Segment Start: DATA LISTING

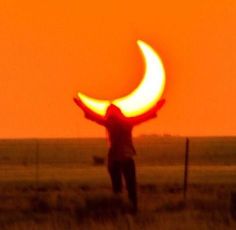 a person standing in a field with their arms spread out to the side, as the sun sets behind them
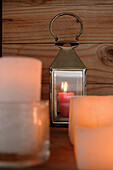 Lit candle in hurricane lamp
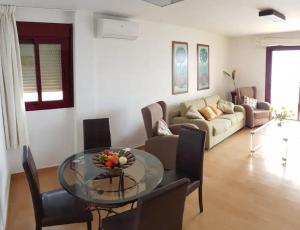 uma sala de estar com uma mesa de vidro e um sofá em Mode's beachfront em Fuengirola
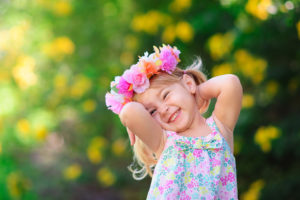 Smiling girl with flower crown enjoying Spring Break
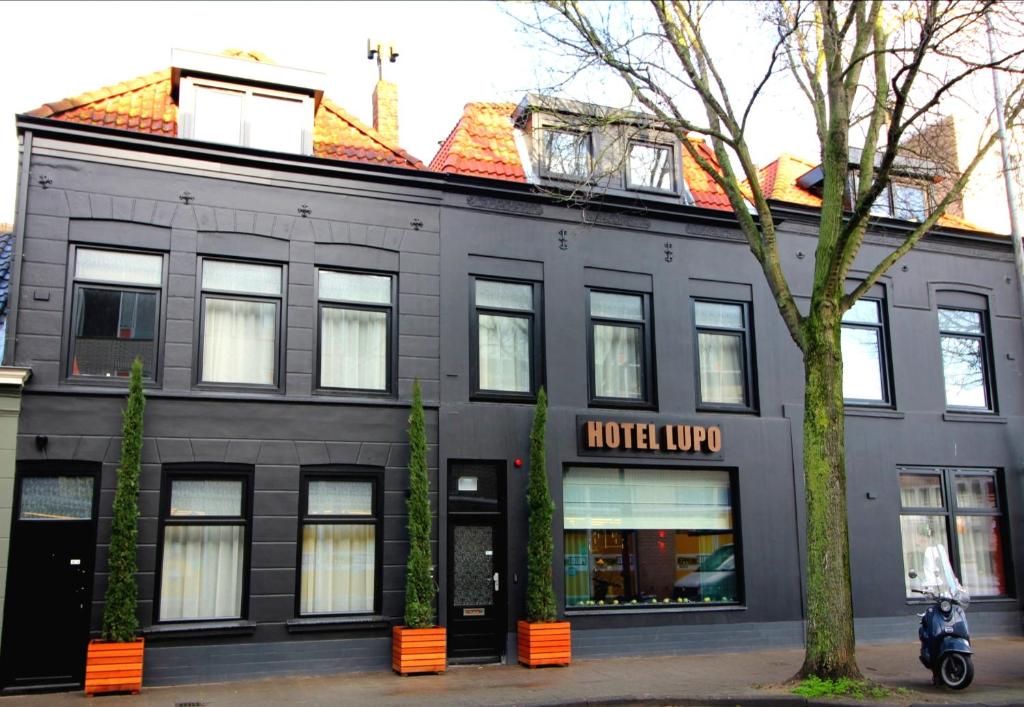 弗利辛恩Boutique Hotel Lupo的一座黑色的建筑,前面停有一辆摩托车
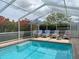 Picture perfect screened pool area with an umbrella and lounge chairs surrounded by lush bushes at 9253 Water Hazard Dr, Hudson, FL 34667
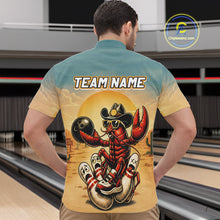 Load image into Gallery viewer, Man wearing a shirt with a colorful design of a crawfish in a cowboy hat and boots, standing in back of a bowling alley.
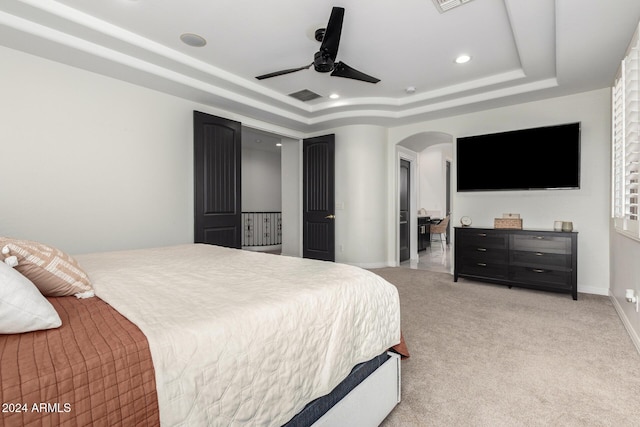 bedroom with a raised ceiling, ceiling fan, and light colored carpet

Segment End: DATA LISTING

● WORK INSTRUCTIONS: Write the records out again exactly as shown above, keeping no pictures.

● WORKED SOLUTION:
 a person standing in a field with their arms spread out to the side, as the sun sets behind them
 Lit candle in hurricane lamp
 uma sala de estar com uma mesa de vidro e um sofá em Mode's beachfront em Fuengirola
 Smiling girl with flower crown enjoying Spring Break
 弗利辛恩Boutique Hotel Lupo的一座黑色的建筑,前面停有一辆摩托车
 Picture perfect screened pool area with an umbrella and lounge chairs surrounded by lush bushes at 9253 Water Hazard Dr, Hudson, FL 34667
 Load image into Gallery viewer, Man wearing a shirt with a colorful design of a crawfish in a cowboy hat and boots, standing in back of a bowling alley.
 bedroom with a raised ceiling, ceiling fan, and light colored carpet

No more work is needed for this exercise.